> **Problem to solve**: Your answer must match the data word for word.

> **Information given**:
= Beginning of Section =

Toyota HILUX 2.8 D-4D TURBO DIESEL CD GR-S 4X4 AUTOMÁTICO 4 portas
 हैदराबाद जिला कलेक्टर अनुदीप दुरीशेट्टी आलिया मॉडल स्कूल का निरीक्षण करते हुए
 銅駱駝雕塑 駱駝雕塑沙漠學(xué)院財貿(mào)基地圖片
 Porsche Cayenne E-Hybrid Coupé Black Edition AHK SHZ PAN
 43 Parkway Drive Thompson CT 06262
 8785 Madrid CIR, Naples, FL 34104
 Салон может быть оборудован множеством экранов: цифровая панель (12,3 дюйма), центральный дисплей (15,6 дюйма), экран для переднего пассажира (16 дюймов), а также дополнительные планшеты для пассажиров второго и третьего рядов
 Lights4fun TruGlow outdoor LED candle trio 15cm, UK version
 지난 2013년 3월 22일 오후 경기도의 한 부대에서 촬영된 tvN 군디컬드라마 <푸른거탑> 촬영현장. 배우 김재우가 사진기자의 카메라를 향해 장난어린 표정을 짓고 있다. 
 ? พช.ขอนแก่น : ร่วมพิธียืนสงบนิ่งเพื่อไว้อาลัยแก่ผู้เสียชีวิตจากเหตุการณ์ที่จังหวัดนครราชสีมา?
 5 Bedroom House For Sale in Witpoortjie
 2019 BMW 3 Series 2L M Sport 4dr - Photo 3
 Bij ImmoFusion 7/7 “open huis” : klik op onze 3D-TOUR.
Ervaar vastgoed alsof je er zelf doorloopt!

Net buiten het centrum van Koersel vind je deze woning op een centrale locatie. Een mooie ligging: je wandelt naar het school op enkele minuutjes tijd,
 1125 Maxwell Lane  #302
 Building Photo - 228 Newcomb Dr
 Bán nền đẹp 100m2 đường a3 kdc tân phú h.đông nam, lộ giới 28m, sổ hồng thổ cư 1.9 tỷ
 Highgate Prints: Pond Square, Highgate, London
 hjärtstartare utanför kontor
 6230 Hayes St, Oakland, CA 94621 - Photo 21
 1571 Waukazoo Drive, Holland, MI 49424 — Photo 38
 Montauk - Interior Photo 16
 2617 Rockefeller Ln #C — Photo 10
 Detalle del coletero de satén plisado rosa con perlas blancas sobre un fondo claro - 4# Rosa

= End of Section =

> **Answer to the exercise**:
Toyota HILUX 2.8 D-4D TURBO DIESEL CD GR-S 4X4 AUTOMÁTICO 4 portas
 हैदराबाद जिला कलेक्टर अनुदीप दुरीशेट्टी आलिया मॉडल स्कूल का निरीक्षण करते हुए
 銅駱駝雕塑 駱駝雕塑沙漠學(xué)院財貿(mào)基地圖片
 Porsche Cayenne E-Hybrid Coupé Black Edition AHK SHZ PAN
 43 Parkway Drive Thompson CT 06262
 8785 Madrid CIR, Naples, FL 34104
 Салон может быть оборудован множеством экранов: цифровая панель (12,3 дюйма), центральный дисплей (15,6 дюйма), экран для переднего пассажира (16 дюймов), а также дополнительные планшеты для пассажиров второго и третьего рядов
 Lights4fun TruGlow outdoor LED candle trio 15cm, UK version
 지난 2013년 3월 22일 오후 경기도의 한 부대에서 촬영된 tvN 군디컬드라마 <푸른거탑> 촬영현장. 배우 김재우가 사진기자의 카메라를 향해 장난어린 표정을 짓고 있다. 
 ? พช.ขอนแก่น : ร่วมพิธียืนสงบนิ่งเพื่อไว้อาลัยแก่ผู้เสียชีวิตจากเหตุการณ์ที่จังหวัดนครราชสีมา?
 5 Bedroom House For Sale in Witpoortjie
 2019 BMW 3 Series 2L M Sport 4dr - Photo 3
 Bij ImmoFusion 7/7 “open huis” : klik op onze 3D-TOUR.
Ervaar vastgoed alsof je er zelf doorloopt!

Net buiten het centrum van Koersel vind je deze woning op een centrale locatie. Een mooie ligging: je wandelt naar het school op enkele minuutjes tijd,
 1125 Maxwell Lane  #302
 Building Photo - 228 Newcomb Dr
 Bán nền đẹp 100m2 đường a3 kdc tân phú h.đông nam, lộ giới 28m, sổ hồng thổ cư 1.9 tỷ
 Highgate Prints: Pond Square, Highgate, London
 hjärtstartare utanför kontor
 6230 Hayes St, Oakland, CA 94621 - Photo 21
 1571 Waukazoo Drive, Holland, MI 49424 — Photo 38
 Montauk - Interior Photo 16
 2617 Rockefeller Ln #C — Photo 10
 Detalle del coletero de satén plisado rosa con perlas blancas sobre un fondo claro - 4# Rosa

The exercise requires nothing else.